I'm in a similar situation to oldirty-we go out with the crane more often than we don't. But for us, it's all about production. You are right, many of our jobs could be pieced and roped down the regular way. But that is slow. Yesterday is a perfect example-23 trees, all in the same town so little travel time. It took me twelve hours with the crane to get them all down. Most of them could have been rigged down, but the landing zones were small, then everything would of needed to been cut small enough to man handle through the gates. I figure we could have done five trees in that twelve hours without the crane. With the crane, a few picks over the house and the tree is done. We make money with the crane, that's why it comes with us.

You are right though, I'm not the best trimmer. I've done it, without spikes 12+ years ago for several years, but I hated it with a passion. I haven't done a trim in many years so am out of practice these days. I probably would do some flailing without my spikes right now. But I see no need to be a pro without spikes since removal guys are harder to find around here. And frankly, I love what I do-I'm a tree killer and very good at it.


----------



## ropensaddle (May 14, 2010)

beowulf343 said:


> I'm in a similar situation to oldirty-we go out with the crane more often than we don't. But for us, it's all about production. You are right, many of our jobs could be pieced and roped down the regular way. But that is slow. Yesterday is a perfect example-23 trees, all in the same town so little travel time. It took me twelve hours with the crane to get them all down. Most of them could have been rigged down, but the landing zones were small, then everything would of needed to been cut small enough to man handle through the gates. I figure we could have done five trees in that twelve hours without the crane. With the crane, a few picks over the house and the tree is done. We make money with the crane, that's why it comes with us.
> 
> You are right though, I'm not the best trimmer. I've done it, without spikes 12+ years ago for several years, but I hated it with a passion. I haven't done a trim in many years so am out of practice these days. I probably would do some flailing without my spikes right now. But I see no need to be a pro without spikes since removal guys are harder to find around here. And frankly, I love what I do-I'm a tree killer and very good at it.



Lmfao you tree murderer  twees have feelings to ya know I can't get the money trimming is worth here. It's as hard or harder to trim but if you try throwing 5 or 6 hundred dollar prices on trimming don't expect any income:monkey:


----------



## mckeetree (May 14, 2010)

oldirty said:


> and whats this with the pm's you say? any of you queers feel like talking #### at least say it and be out front with it.



That's exactly what I told one guy in particular. Don't tell me, post what you think in open forum.


----------



## treeclimber101 (May 14, 2010)

oldirty said:


> at least mckee has the balls to tell me this thread sucks.
> 
> and whats this with the pm's you say? any of you queers feel like talking #### at least say it and be out front with it.
> 
> ...



Alright alright I have something to say , this thread totally doesn't suck the videos are pretty cool some of the best posted here, with that being said OD you are a whinny little feggot who has a gravy job and stills whines to much , your too skinny , too tall and by the looks of ya smell like silver maple chips left in the truck too long and if theres a MRS. Dirty well than I bet she's a real prize, Ok so how did I do ....PS I was just kidding about MRS Dirty..


----------



## oldirty (May 14, 2010)

don't hate on me, eddie, because i am so f uck'n talented that it makes you sick with a jealous rage. 

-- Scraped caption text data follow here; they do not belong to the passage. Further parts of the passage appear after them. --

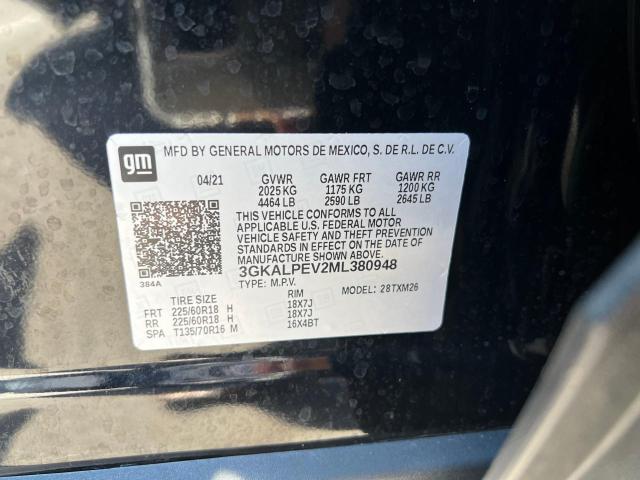 Photo 9 VIN: 3GKALPEV2ML380948 - GMC TERRAIN 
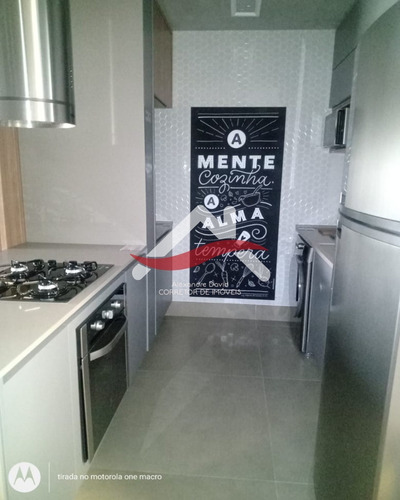 Imagem 19 de 19 de Vendo Ap. Studio Union Planeta 49,60 M², 1 Dormit, Cozinha Em Ilha, Ampla Varanda, Lazer, Ótima Localização - Alto Da Boa Vista, Frente Da Prefeitura. - Ap00227 - 70439071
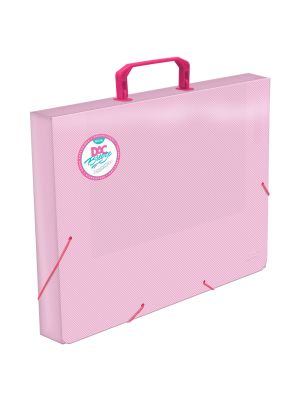 Maleta Ofício Breeze Rosa - 813PP-RS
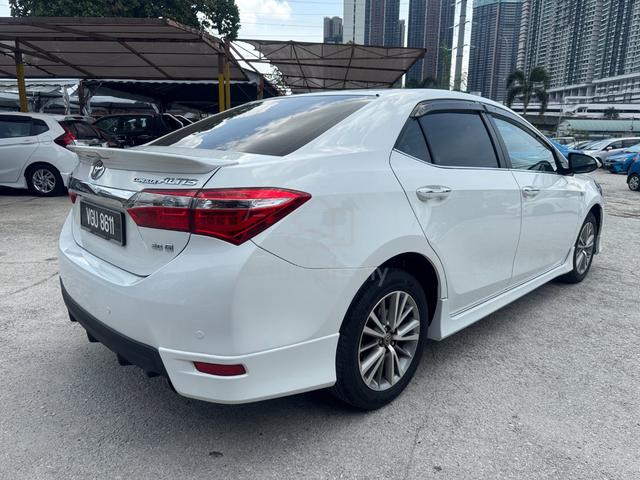 COROLLA ALTIS 2.0G,TouchPlayer,RearCamera,HighLoan - 4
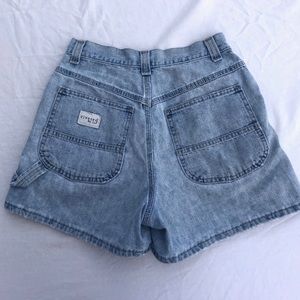 *SOLD* Vintage Lee High Waisted Denim Shorts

you think about me during the day at work don't you, eddie. 

lol


besides i know how you feel and i could give 2 chits about it. glad you like the vids but heres the thing. they are not for you they are for the customer. can your company compete with the company i work for eddie? post up a vid of something stellar to back up the chit you talk about what you know.

at the very least i prove what i say. 

have you ever had another tree company owner that is strictly crane removal come up and tell you how good a climber you are when he was there to look at the new 375hp grapple chipper? he was there to look at a chipper instead he was talking about the climber.......

thats me eddie. i make an impact. i know it and i tell you that and i show you that and i share it with you. 


hey mckee. be so kind and share with me a name of one of these mutts with the whispering behind my back skills.





like i just said to eddie don't hate me because i am better than you at the game.

c'mon ladies tell me why you don't like me. i'd love to hear it.


----------



## oldirty (May 14, 2010)

yup


----------



## beowulf343 (May 14, 2010)

oldirty said:


> c'mon ladies tell me why you don't like me. i'd love to hear it.



Ok, you asked for it. And even though you probably won't admit it, i do have more crane experience than you, so that should qualify me to make some remarks. 

Seriously though, i loved the videos. You never see enough good crane working vids. It's hard for me to judge the work from those videos though. Although i get picked on for it, i liken crane work to dancing. You and your partner need to be in sync in order to be smooth and clean. These videos show that oldirty is good, but i look for smaller things, more technical aspects that these videos are going too fast to show. I think oldirty could perhaps be a bit smoother. He has a couple bad habits that stick out a bit to me, and he has one tendency that makes me cringe every time i see it and would get him #####ed out by my crane operator. But it's no big deal, just different working styles. There's no reason for me to nitpick-he got the jobs done, and while he's not the best i've ever seen, i've seen a whole lot more that were a whole lot worse. It's hard to talk crap about a video when i'm not there and don't know all the nuances of the job or the situation. (We do need to get together someday, though.) Personally, if he stays with this company doing these types of jobs, i think in a couple of years he will be one of the go-to crane guys in the northeast. Because if you think about it, he's doing more crane jobs in a day that 95% of treemen do all year.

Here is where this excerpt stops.